The evolution of household size distribution and income inequality

There is an important problem raised by Coding Monkey in the comments to this post  on the evolution of household sizes (supported by the Arthurian).  With the mean size of household decreasing since 1967, who is responsible for the fall – poor or rich households?  I did not study this problem before and my first guess is that richer (and bigger) households have to split first. Their pieces are financially and logistically more viable than poor households. The latter have to retain their sizes in order to save money for living.
 
The Census Bureau provides some data to answer this question quantitatively. Unfortunately, the CB changes its rules and procedures as other statistical agencies. This makes impossible a direct comparison of data from different years. For example, the CB changed the bin size in 2009 to $5000 from $2500 between 1994 and 2008. It is difficult to compare mean household sizes in different bins and there is no possibility to merge two mean sizes in $2500 bins in one mean household size in $5000.  Thus we can directly compare only 1994 and 2008. However, the choice of 2007 seems more attractive because it provides the highest real GDP. 
 
Figure 1 directly compares mean household sizes in $2500 bins between $0 and $100,000 in 1994 and 2007.  One can see that the mean household size fell in all bins. A quick and wrong interpretation is that poor households merged and created bigger ones residing above $100,000.  This is not true because of several important changes between 1994 and 2007. The total number of households rose from 98,990 to 116, 783. The level of nominal GDP rose by a factor of 1.98, including real GDP increased by a factor of 1.49. 
All these changes are not taken into account in Figure 1. The total number of households may not affect the mean size when all newly created households repeat the overall distribution. This means that the mean size is retained the same in any income bin if the size distribution in this bin does not change.  
The change in nominal GDP does change the distribution in Figure 1. What we want to know is what did happen to the 2007 households that would occur in 1994 bins? One can imagine that $2500 in 1994 is not equal to $2500 in 2007. We have to scale the income axis according to the total change in GDP per one household. There are two components of the change – price inflation and real GDP growth per household. The former process shrinks the income scale by the factor of 1.30, i.e.  the overall change in prices between 1994 and 2007.  The growth in real GDP from 1994 to 2007 is 1.49.  If the number of households is the same, a 2007 household should have income by a factor of 1.98 higher than in 1994. However, there are 1.18 times more households in 2007 and an average household would have income by a factor of 1.68 larger than it would have in 1994.  All households with income $100,000/1.68= $59,523 in 1994 have to move above $100,000 in 2007 and to fall in the bin “$100,000 and above”.  
After scaling by a factor of 1.68, all bins in 2007 repeat the bins in 1994. Figure 2 displays the dependence of the mean household size on income with the scaled axis for 2007. Effectively, the 2007 curve in Figure 1 has been shrunk and shifted left.  As a result, one cannot distinguish between two curves except the very low income bins.  This is an obvious result that the low income bin is populated by one-person-households.  We again have a problem of the changing average household size.

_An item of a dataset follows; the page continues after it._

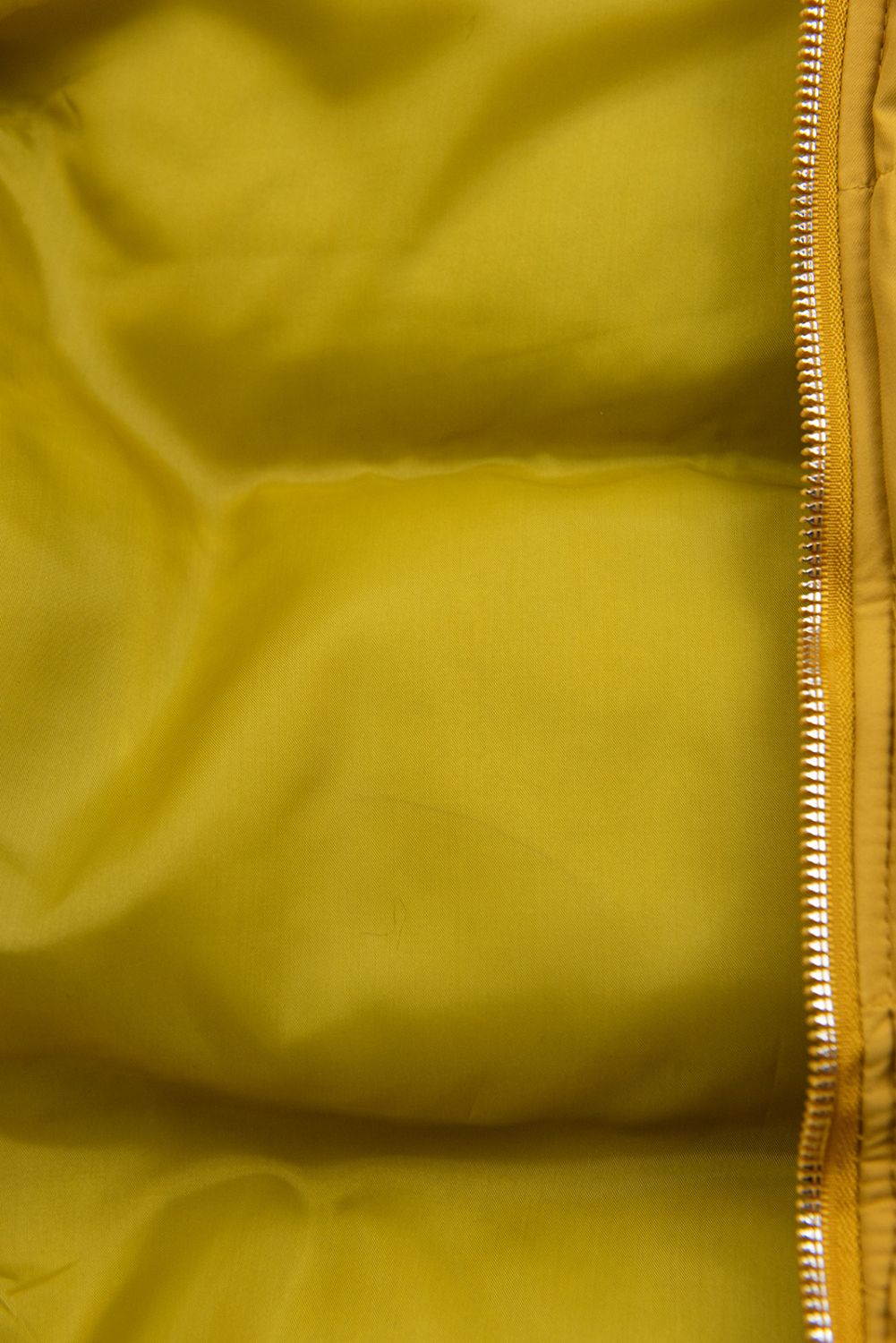 Yellow quilted vest with hood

These estimates do not help much to resolve this problem.
Another way to address this problem is to estimate the density of households in all income bins.  Figure 3 displays the number of households in a given bin normalized to the total number of households in 1994 and 2007, respectively.  The income bins in 2007 are also scaled as discussed above.  Therefore, the graphs present the portion of household in a given bin.  The 2007 curve is below that of 1994.  The reason is simple – bins are different in 1994 and 2007. In order to compare curves in Figure 4 in an appropriate way, we have to calculate the distribution density, i.e. the portion of households per $1. In Figure 5 we normalized the curves in Figure 4 to their respective widths and obtained two density curves, which are very close.   The 2007 curve seems to be higher at lower incomes and lower at higher incomes. Therefore, the average size in 2007 has to be smaller than in 1994 because the density of households at higher incomes fell since 1994.  Economically, this is an expected result – when broken, high-income households create sustainable households. The assumption of the low-income households split due to poverty would result in the same portion of high-income households in 2007 and a sharp peak at very low incomes.  
Figure 6 shows cumulative curves from Figure 5. The deviation becomes higher with income and then the curves converge to 0.008 (1/$1250 the width of 1994 bin). This is a version of Lorenz curve which shows a higher Gini for 2007 because of lower density of the high-income households. We cannot continue the curves beyond $100,000 ($59,523 in 2007) since no size distributions are available.  (As always with the CB and other statistical agencies.)  This is one of the reasons for economics not to be a hard science. Measurements are made (or published) by a March hare.

Figure 1. The mean household size as a function of income for 1994 and 2007.

Figure 2.  Mean household size as a function of scaled bin width.

 Figure 3. Income distribution for households in 1994 and 2007.

 Figure 4. The portion of the households total number in a given bin.

Figure 5. Household distribution density, i.e. the normalized number of households per 1$ (in 1994), in 1994 and 2007.

Figure 6. Cumulative distributions from Figure 5. The 2007 curve is higher for lower incomes and lower for higher incomes. It has to intesect the red line at the level 0.008  at the highest income for one household, which is not reported by the CB.